> Exercise requirements
Give the lines of the material verbatim, from the first line to the line with "Sliding security grill", including both.

[Recorded data Boundary: Start]

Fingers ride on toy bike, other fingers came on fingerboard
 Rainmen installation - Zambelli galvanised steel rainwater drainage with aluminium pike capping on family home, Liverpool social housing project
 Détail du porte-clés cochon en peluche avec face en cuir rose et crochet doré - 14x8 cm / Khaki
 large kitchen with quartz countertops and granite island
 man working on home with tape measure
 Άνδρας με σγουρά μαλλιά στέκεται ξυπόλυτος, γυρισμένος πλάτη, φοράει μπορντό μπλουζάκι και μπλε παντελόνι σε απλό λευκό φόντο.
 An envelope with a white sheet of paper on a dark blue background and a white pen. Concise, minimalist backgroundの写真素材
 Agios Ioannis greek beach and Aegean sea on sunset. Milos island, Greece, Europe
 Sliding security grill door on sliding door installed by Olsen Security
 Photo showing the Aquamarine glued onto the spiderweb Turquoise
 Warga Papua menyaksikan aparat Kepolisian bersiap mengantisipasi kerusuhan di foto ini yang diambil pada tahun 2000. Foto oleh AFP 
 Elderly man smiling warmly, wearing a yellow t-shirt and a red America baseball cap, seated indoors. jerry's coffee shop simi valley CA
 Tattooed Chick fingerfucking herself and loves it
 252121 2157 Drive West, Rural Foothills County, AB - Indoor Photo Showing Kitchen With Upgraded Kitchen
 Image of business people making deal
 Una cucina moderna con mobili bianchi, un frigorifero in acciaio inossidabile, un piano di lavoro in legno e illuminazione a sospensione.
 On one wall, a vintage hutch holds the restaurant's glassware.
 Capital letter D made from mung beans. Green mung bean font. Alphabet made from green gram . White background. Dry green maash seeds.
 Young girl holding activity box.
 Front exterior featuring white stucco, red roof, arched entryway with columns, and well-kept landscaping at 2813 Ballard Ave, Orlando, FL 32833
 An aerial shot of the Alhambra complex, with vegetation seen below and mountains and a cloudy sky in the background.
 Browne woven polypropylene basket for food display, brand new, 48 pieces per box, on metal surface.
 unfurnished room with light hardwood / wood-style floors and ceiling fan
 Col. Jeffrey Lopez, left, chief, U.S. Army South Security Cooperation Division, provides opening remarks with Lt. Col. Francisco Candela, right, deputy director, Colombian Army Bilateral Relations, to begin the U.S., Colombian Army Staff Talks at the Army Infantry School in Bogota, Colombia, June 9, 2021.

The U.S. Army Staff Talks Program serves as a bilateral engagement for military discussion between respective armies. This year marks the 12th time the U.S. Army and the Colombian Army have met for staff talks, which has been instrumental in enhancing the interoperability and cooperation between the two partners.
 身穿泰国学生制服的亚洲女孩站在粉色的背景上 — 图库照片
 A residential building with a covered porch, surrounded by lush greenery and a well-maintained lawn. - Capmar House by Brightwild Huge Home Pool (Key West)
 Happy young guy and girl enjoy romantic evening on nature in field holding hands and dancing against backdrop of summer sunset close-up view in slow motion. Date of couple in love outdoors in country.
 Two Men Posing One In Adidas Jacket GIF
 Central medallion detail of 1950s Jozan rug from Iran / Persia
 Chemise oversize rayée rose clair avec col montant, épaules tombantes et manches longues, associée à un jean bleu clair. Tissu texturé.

[Recorded data Boundary: End]

> Task answer
Fingers ride on toy bike, other fingers came on fingerboard
 Rainmen installation - Zambelli galvanised steel rainwater drainage with aluminium pike capping on family home, Liverpool social housing project
 Détail du porte-clés cochon en peluche avec face en cuir rose et crochet doré - 14x8 cm / Khaki
 large kitchen with quartz countertops and granite island
 man working on home with tape measure
 Άνδρας με σγουρά μαλλιά στέκεται ξυπόλυτος, γυρισμένος πλάτη, φοράει μπορντό μπλουζάκι και μπλε παντελόνι σε απλό λευκό φόντο.
 An envelope with a white sheet of paper on a dark blue background and a white pen. Concise, minimalist backgroundの写真素材
 Agios Ioannis greek beach and Aegean sea on sunset. Milos island, Greece, Europe
 Sliding security grill door on sliding door installed by Olsen Security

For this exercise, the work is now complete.